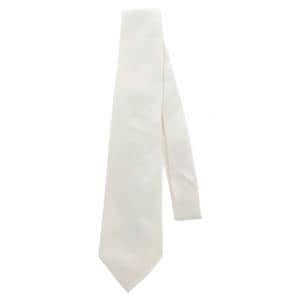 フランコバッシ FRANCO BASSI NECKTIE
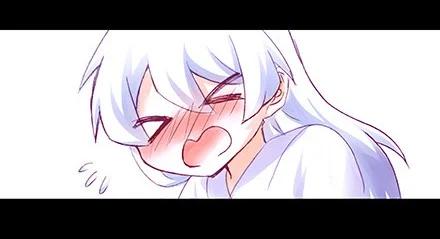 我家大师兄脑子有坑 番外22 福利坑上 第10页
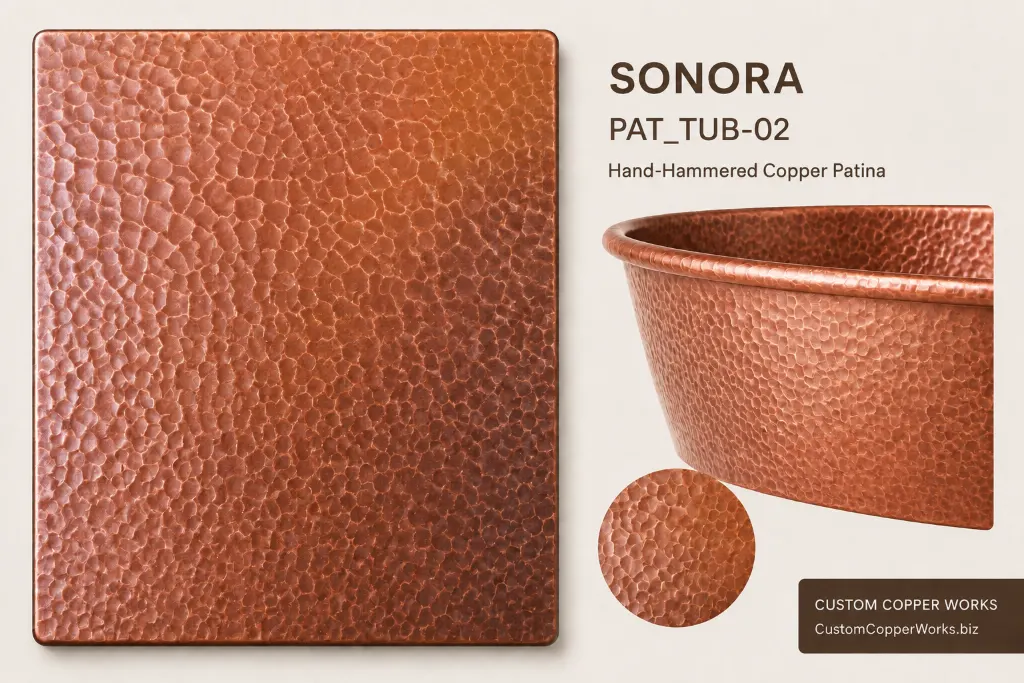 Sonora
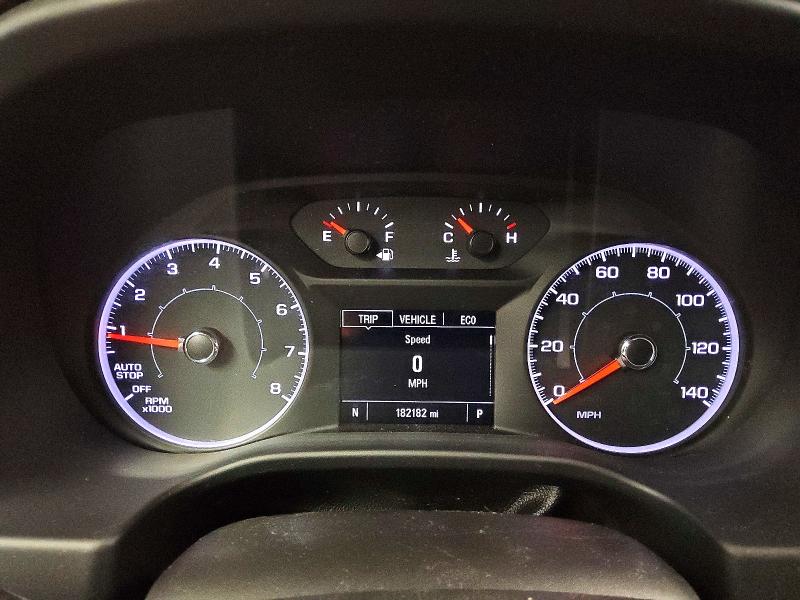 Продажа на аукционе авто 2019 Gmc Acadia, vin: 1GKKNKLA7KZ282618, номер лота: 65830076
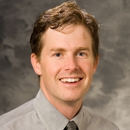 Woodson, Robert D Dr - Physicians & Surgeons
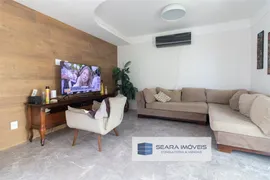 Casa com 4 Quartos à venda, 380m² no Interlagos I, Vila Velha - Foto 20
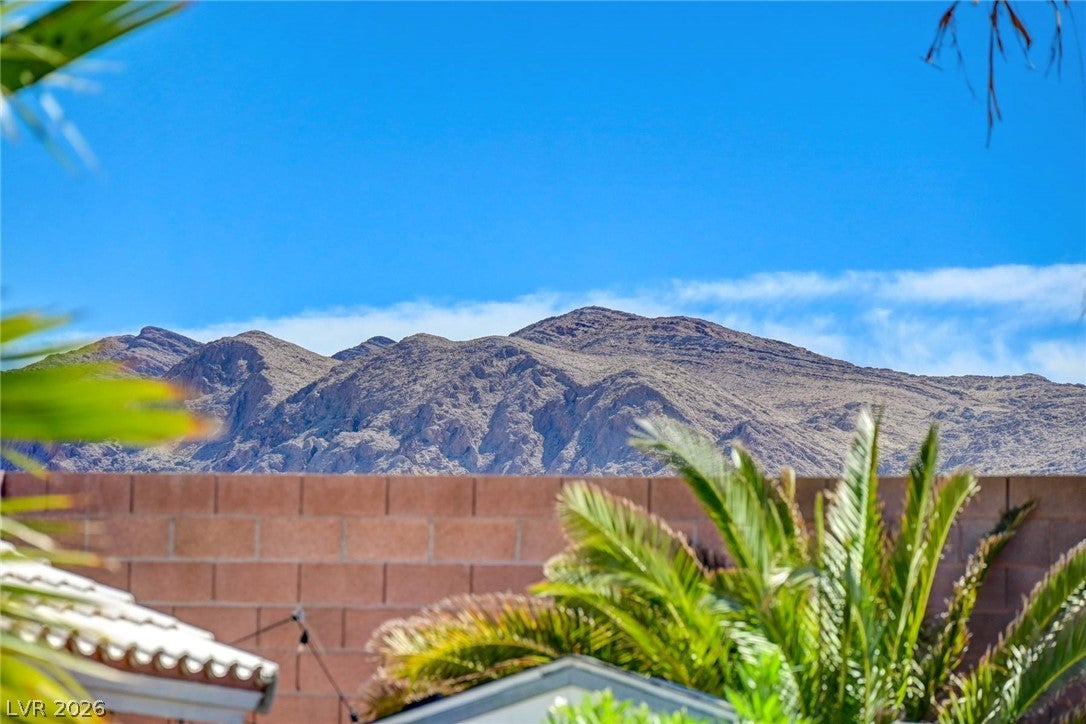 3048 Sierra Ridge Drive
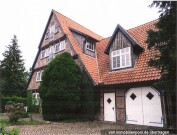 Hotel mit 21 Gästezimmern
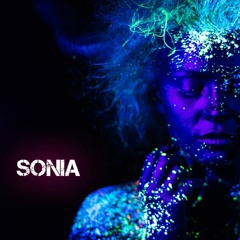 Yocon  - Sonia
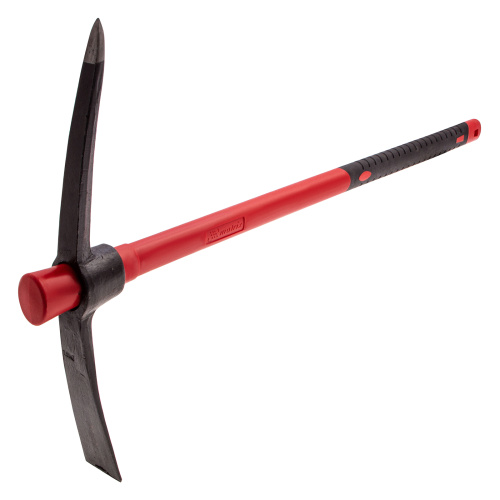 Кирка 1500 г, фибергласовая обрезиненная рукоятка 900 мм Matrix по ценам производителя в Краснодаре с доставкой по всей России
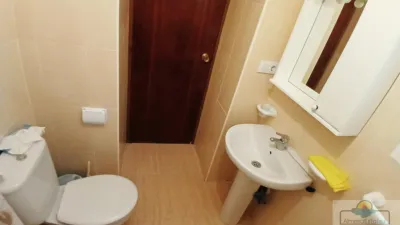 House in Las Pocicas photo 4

Task statement: Find the line containing "我家大师兄脑子有坑 番外22 福利坑上 第10页" in the listing above. Restate it and every line after it, word for word, through the final line, leaving out the pictures.

Expected answer:
 我家大师兄脑子有坑 番外22 福利坑上 第10页
 Sonora
 Продажа на аукционе авто 2019 Gmc Acadia, vin: 1GKKNKLA7KZ282618, номер лота: 65830076
 Woodson, Robert D Dr - Physicians & Surgeons
 Casa com 4 Quartos à venda, 380m² no Interlagos I, Vila Velha - Foto 20
 3048 Sierra Ridge Drive
 Hotel mit 21 Gästezimmern
 Yocon  - Sonia
 Кирка 1500 г, фибергласовая обрезиненная рукоятка 900 мм Matrix по ценам производителя в Краснодаре с доставкой по всей России
 House in Las Pocicas photo 4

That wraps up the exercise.